Can you write out every line from the start of the records below through the line containing "12-ft Lighted Animatronic clown", leaving out any pictures?

[Stored entries]
______

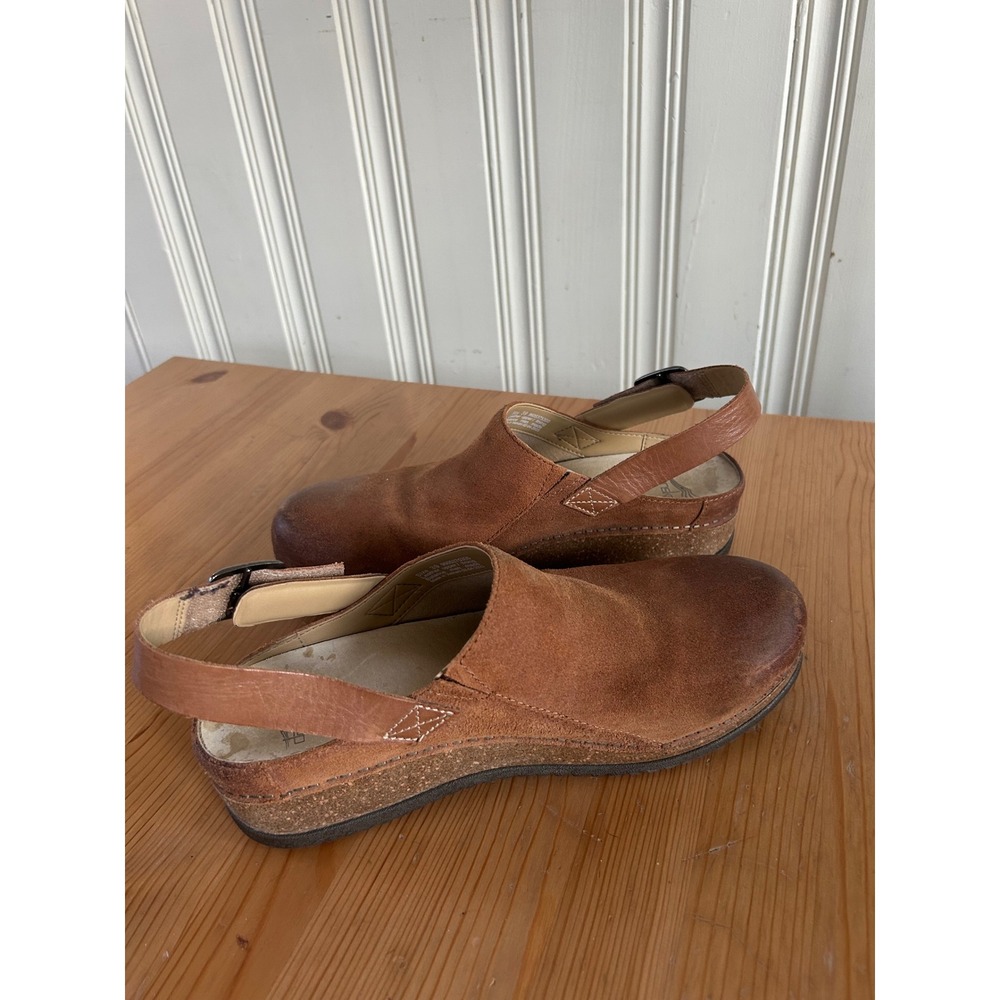 Dansko Brenna Tan Burnished Suede Slingback Clogs Womens 39 Brown Leather 8.5/9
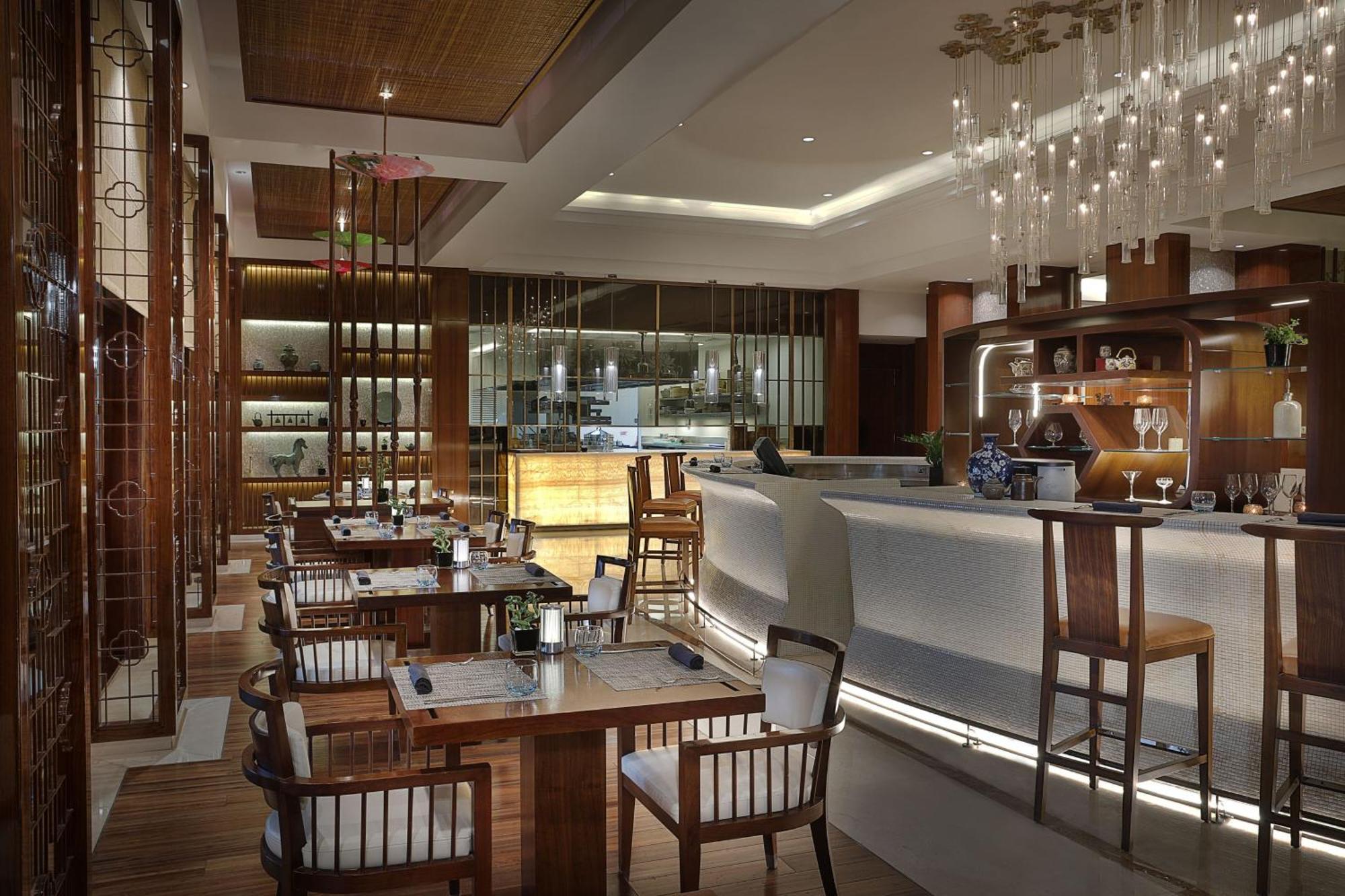 The Ritz-Carlton, Dubai Hotel Exterior photo The restaurant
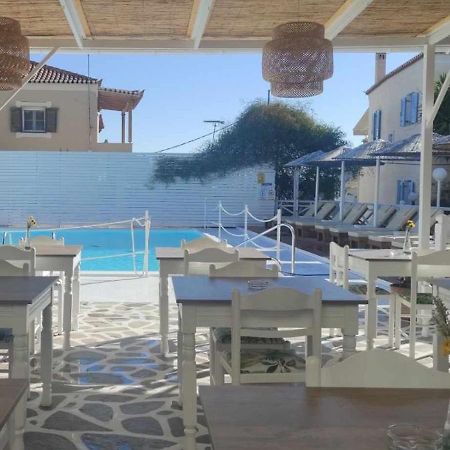 Bay'S Aparthotel Szpécesz Kültér fotó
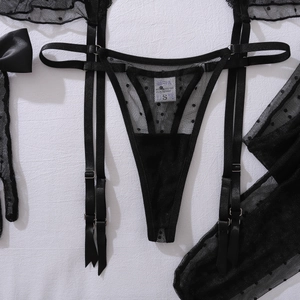 Dettaglio del set lingerie in pizzo nero con fiocco in raso ed etichetta taglia S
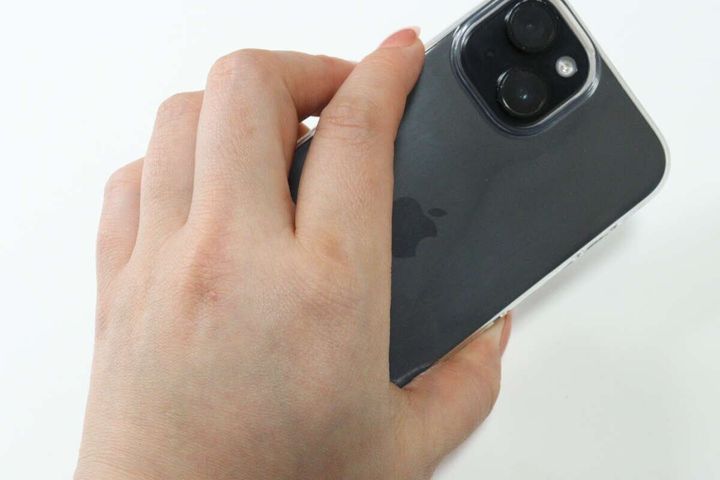 ダイソーのスマートフォンスタンドの使用例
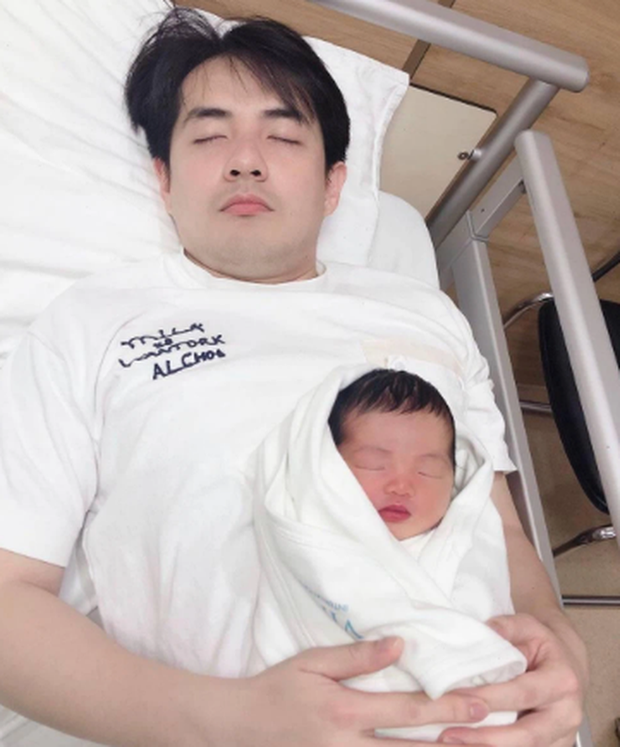 Mải chăm con đến mặc cả áo ngược, 'bố bìm' Ông Cao Thắng có màn giải thích cực kỳ đáng yêu 3 Mải chăm con đến mặc cả áo ngược, 'bố bìm' Ông Cao Thắng có màn giải thích cực kỳ đáng yêu 3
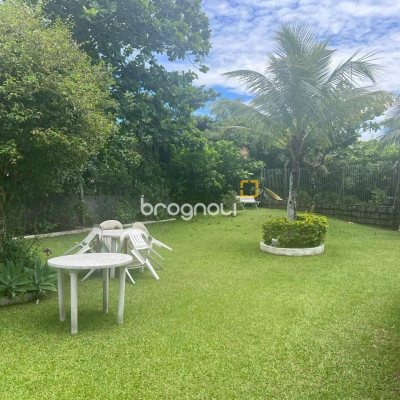 Casa com 152m², 2 quartos (sendo 1 suíte), 2 garagens, no bairro Cachoeira do Bom Jesus em Florianópolis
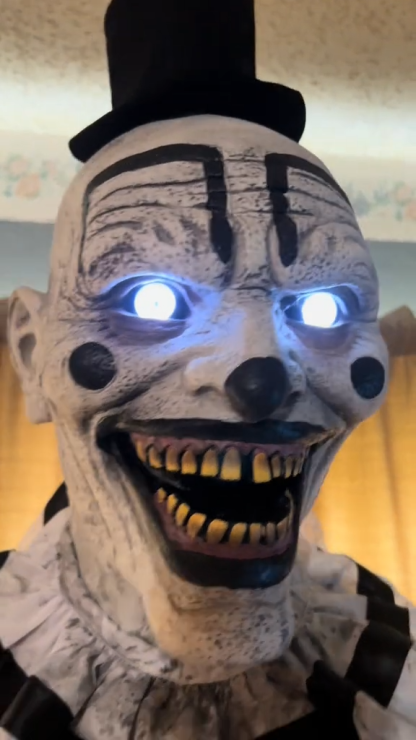 12-ft Lighted Animatronic clown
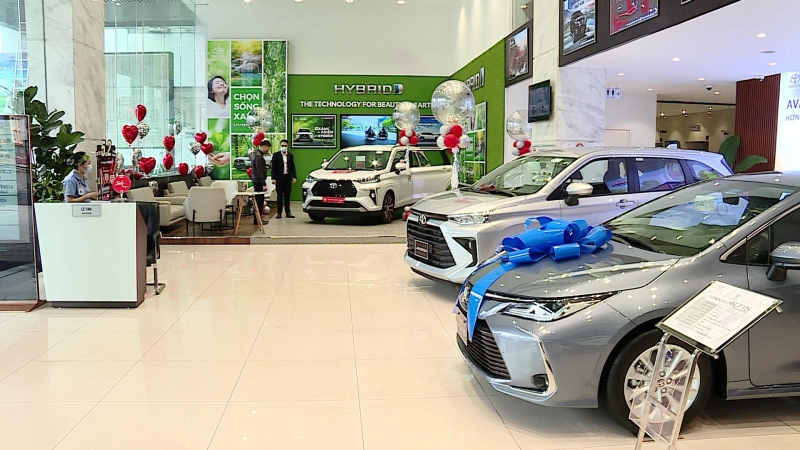 Bộ T&agrave;i ch&iacute;nh 'b&aacute;c' đề xuất giảm 50% lệ ph&iacute; trước bạ &ocirc; t&ocirc;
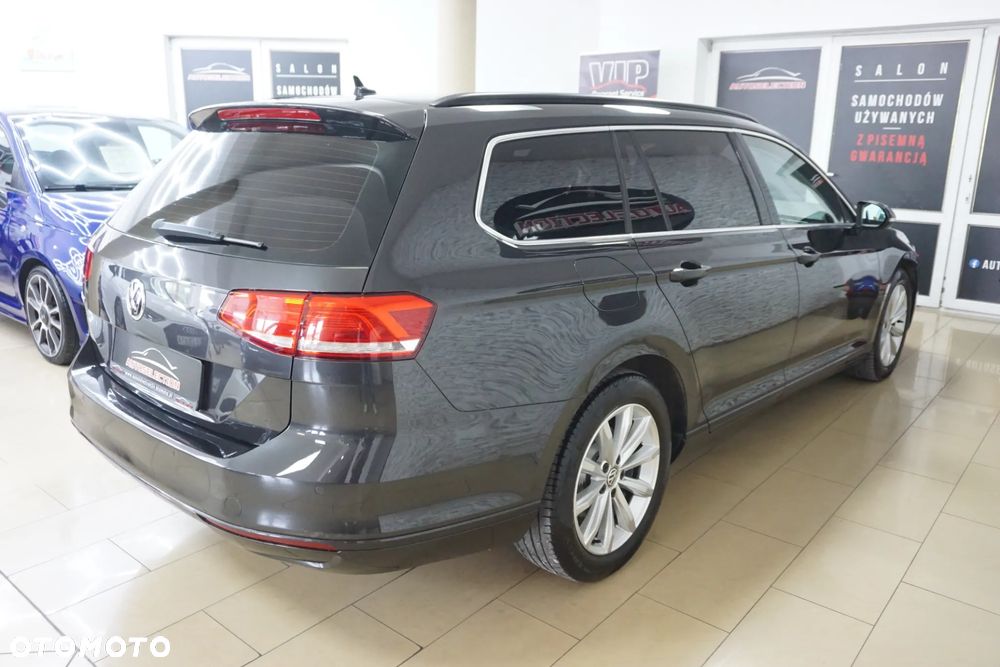 Volkswagen Passat Variant 1.6 TDI SCR DSG Comfortline - 12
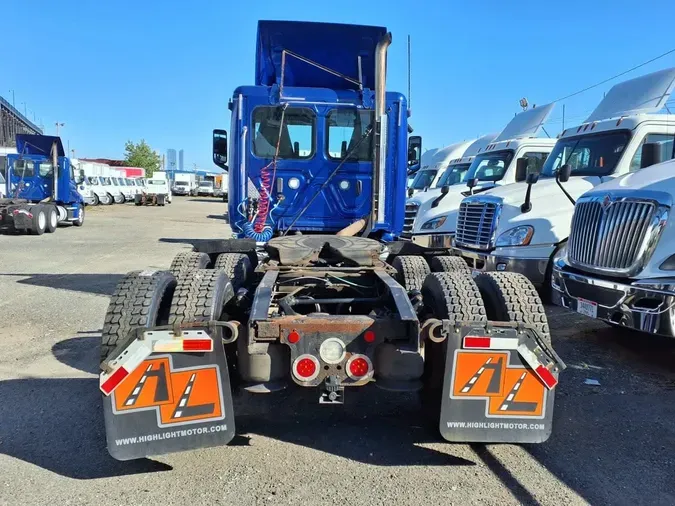 2019 FREIGHTLINER/MERCEDES NEW CASCADIA PX12664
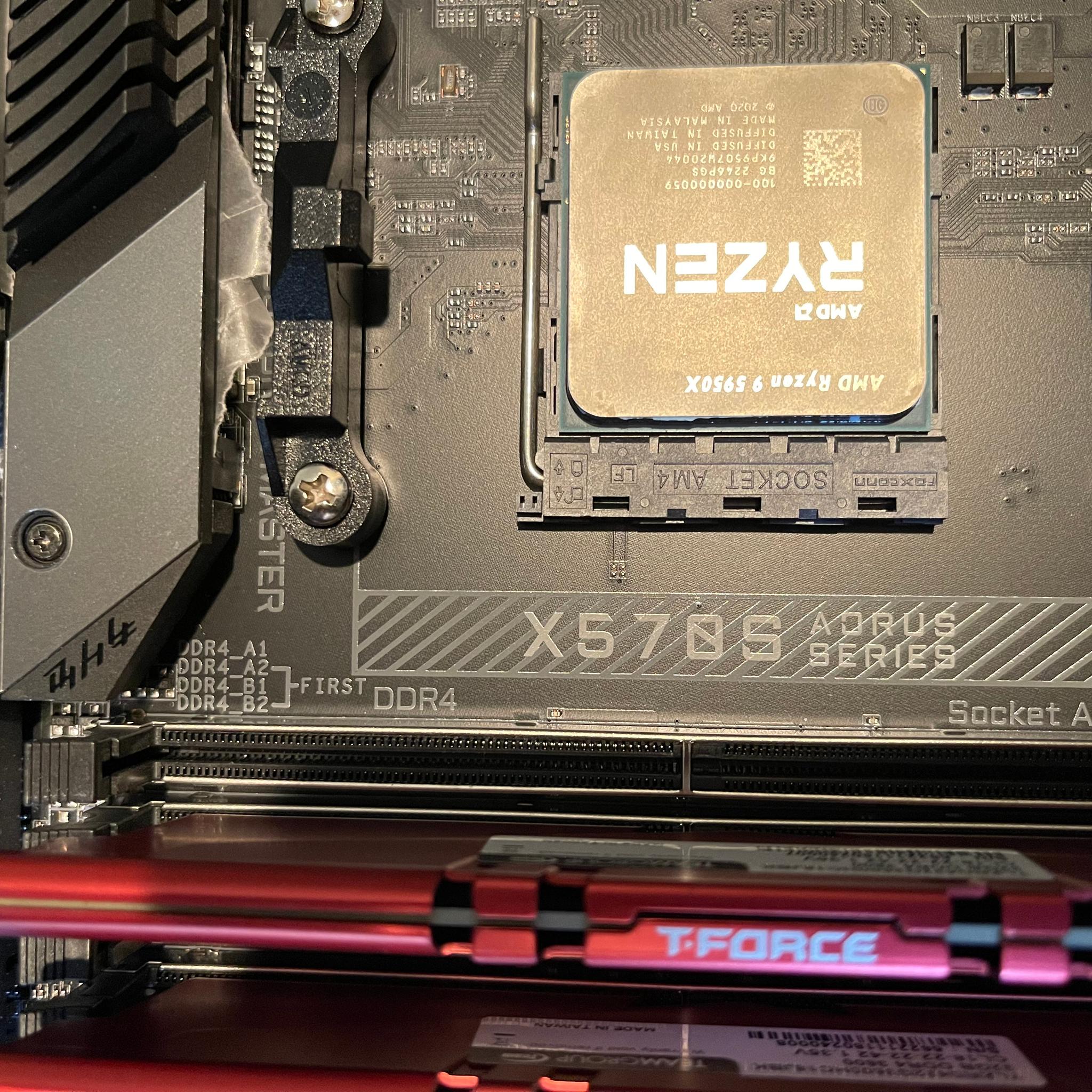 Gigabyte Aorus Master X570S / Ryzen 9 5950X / Team Group T-Force Vulcan Z 64gb (2-32gb) DDR4 3600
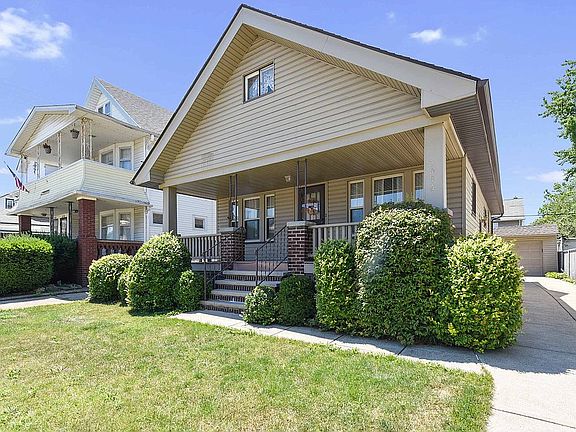 3rd image of 2096 Wyandotte Ave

______

- [EXERCISE RESPONSE]:
 Dansko Brenna Tan Burnished Suede Slingback Clogs Womens 39 Brown Leather 8.5/9
 The Ritz-Carlton, Dubai Hotel Exterior photo The restaurant
 Bay'S Aparthotel Szpécesz Kültér fotó
 Dettaglio del set lingerie in pizzo nero con fiocco in raso ed etichetta taglia S
 ダイソーのスマートフォンスタンドの使用例
 Mải chăm con đến mặc cả áo ngược, 'bố bìm' Ông Cao Thắng có màn giải thích cực kỳ đáng yêu 3 Mải chăm con đến mặc cả áo ngược, 'bố bìm' Ông Cao Thắng có màn giải thích cực kỳ đáng yêu 3
 Casa com 152m², 2 quartos (sendo 1 suíte), 2 garagens, no bairro Cachoeira do Bom Jesus em Florianópolis
 12-ft Lighted Animatronic clown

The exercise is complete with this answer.